Any takers for either problem?

----------

## VanDan

Bump!

Come on. Surely someone else is pissed at famd. It keep making nautilus hang on ALL PCs I set up. But it's just so handy to have...

Anyone?

----------

## omschaub

I am having very similar problems with famd.. if you figure anything out, please post it here.. thanks

----------

## cca

I also have the problem with the courier-imapd, I disabled famd support in courier for now until a solution is found. Note that the "fam" USE flag in on by default in the 2004.3 profile and has to be disabled in make.conf

----------

## meulie

bump!

Any news on this issue? It still occurs on my system...   :Confused: 

----------

## CarlUman

What is fam used for?  I'm setting up my server and have -* in my use flags and fam is not included so I'm not using fam support.  What things will this enable for me?

Thanks

Carl

----------

## kashani

fam allows faster notification of new emails because the fam daemon constantly watches for filesystem activity.
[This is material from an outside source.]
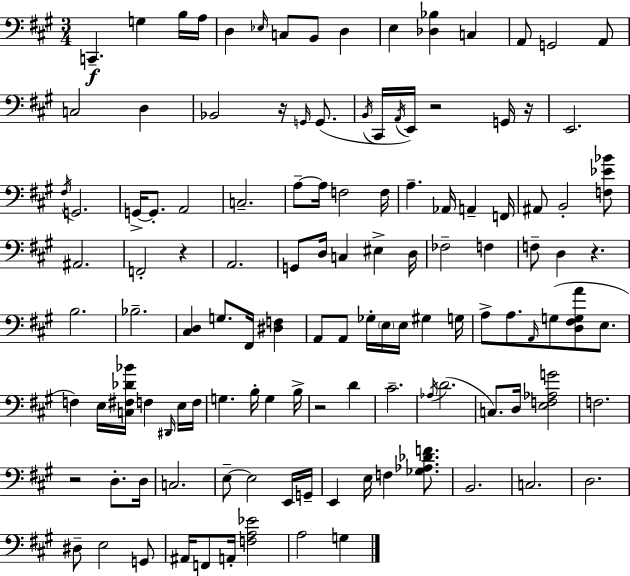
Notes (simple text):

C2/q. G3/q B3/s A3/s D3/q Eb3/s C3/e B2/e D3/q E3/q [Db3,Bb3]/q C3/q A2/e G2/h A2/e C3/h D3/q Bb2/h R/s G2/s G2/e. B2/s C#2/s A2/s E2/s R/h G2/s R/s E2/h. F#3/s G2/h. G2/s G2/e. A2/h C3/h. A3/e A3/s F3/h F3/s A3/q. Ab2/s A2/q F2/s A#2/e B2/h [F3,Eb4,Bb4]/e A#2/h. F2/h R/q A2/h. G2/e D3/s C3/q EIS3/q D3/s FES3/h F3/q F3/e D3/q R/q. B3/h. Bb3/h. [C#3,D3]/q G3/e. F#2/s [D#3,F3]/q A2/e A2/e Gb3/s E3/s E3/s G#3/q G3/s A3/e A3/e. A2/s G3/e [D3,F#3,G3,A4]/e E3/e. F3/q E3/s [C3,F#3,Db4,Bb4]/s F3/q D#2/s E3/s F3/s G3/q. B3/s G3/q B3/s R/h D4/q C#4/h. Ab3/s D4/h. C3/e. D3/s [E3,F3,Ab3,G4]/h F3/h. R/h D3/e. D3/s C3/h. E3/e E3/h E2/s G2/s E2/q E3/s F3/q [Gb3,Ab3,Db4,F4]/e. B2/h. C3/h. D3/h. D#3/e E3/h G2/e A#2/s F2/e A2/s [F3,A3,Eb4]/h A3/h G3/q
However most imap users check their mail every minute anyway so it's a bit pointless.

I'd suggest dumping it as you really don't need it most of time. And I really don't like having portmap on my systems if I can help it. And I've generally had problems making fam run normally too.

kashani

----------

## CarlUman

Thanks much for the info  :Smile: 

No fam for me  :Wink: 

----------

## UberLord

Use gamin instead - no need for portmap to run then. Provided you have no need for the networking stuff that fam provides (and you're probably not, even on servers) then it should just work. As it's a pure library, there is no init script for it either.

----------

## f1n4rf1n

Same problem here..   :Mad: 

Despite of gamin being unstable I'll give it a try on our production system..

----------

## jollyrogr

famd seems to be really slowing my machine down as well.  I've had to restart famd twice today just so I could login to courier-imap.
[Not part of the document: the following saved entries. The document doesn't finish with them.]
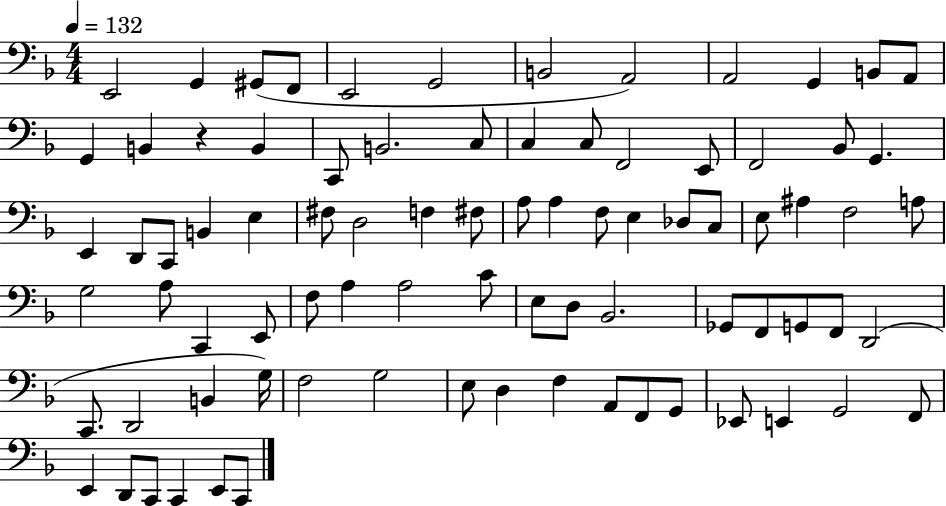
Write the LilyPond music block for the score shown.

{
  \clef bass
  \numericTimeSignature
  \time 4/4
  \key f \major
  \tempo 4 = 132
  e,2 g,4 gis,8( f,8 | e,2 g,2 | b,2 a,2) | a,2 g,4 b,8 a,8 | \break g,4 b,4 r4 b,4 | c,8 b,2. c8 | c4 c8 f,2 e,8 | f,2 bes,8 g,4. | \break e,4 d,8 c,8 b,4 e4 | fis8 d2 f4 fis8 | a8 a4 f8 e4 des8 c8 | e8 ais4 f2 a8 | \break g2 a8 c,4 e,8 | f8 a4 a2 c'8 | e8 d8 bes,2. | ges,8 f,8 g,8 f,8 d,2( | \break c,8. d,2 b,4 g16) | f2 g2 | e8 d4 f4 a,8 f,8 g,8 | ees,8 e,4 g,2 f,8 | \break e,4 d,8 c,8 c,4 e,8 c,8 | \bar "|."
}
I think its time to dump famd and re-emerge courier-imap sans fam.

----------

## f1n4rf1n

gamin works a little better but since my last post I had to kill a gamin-lib process twice which was running at 100% and doesn't allowed the user to log on..

----------

## Gabrys

Hey guys. I'm not using FAMD for email-notifying, but I have it loaded to default runlevel as some applications get use of it. I remember having such problems some big time ago with other distribution. Now I have Gentoo and the problem is the same. It uses 99% CPU after a few hours (more or less, it seems to be random). I have upgraded famd to the newest (testing) version in portage and the problem still remains! The only solution for me seems to be restarting famd, say every hour or disabling famd at all.

Any news about it?

----------

## revertex

3 years using linux and just only today i've discovered that i forgot to put famd to default runlevel.
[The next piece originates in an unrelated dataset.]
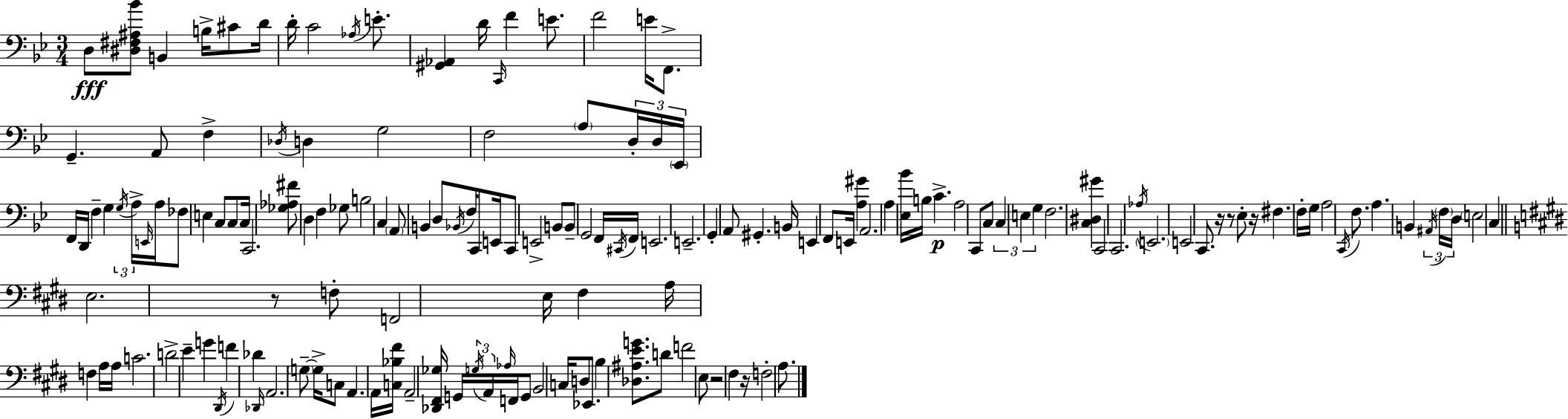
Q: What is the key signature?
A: G minor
Fam is installed,  but i never used famd before.

I guess was missed nothing not using fam as daemon in my desktop.

any good in use famd in desktop or is it only usefull for servers?

----------

## Gabrys

It is kinda' useful. Some application use FAM to get the info of when files are modified. But, there is GAMIN which does the same without making such piece of troubles that FAM does. Anyways, do you guys have idea of how to make FAM work corretly?

----------

## revertex

Thank's Gabrys.

Just now i figured that there's a bunch of konqueror and k3b features like mount partitions and refresh cds that only works with famd running.

i'm not running kde nor gnome, but fluxbox, maybe that's why i didn't missed it so hard.

Shame on me!  :Embarassed:  i guess i didn't RTFM twice.

----------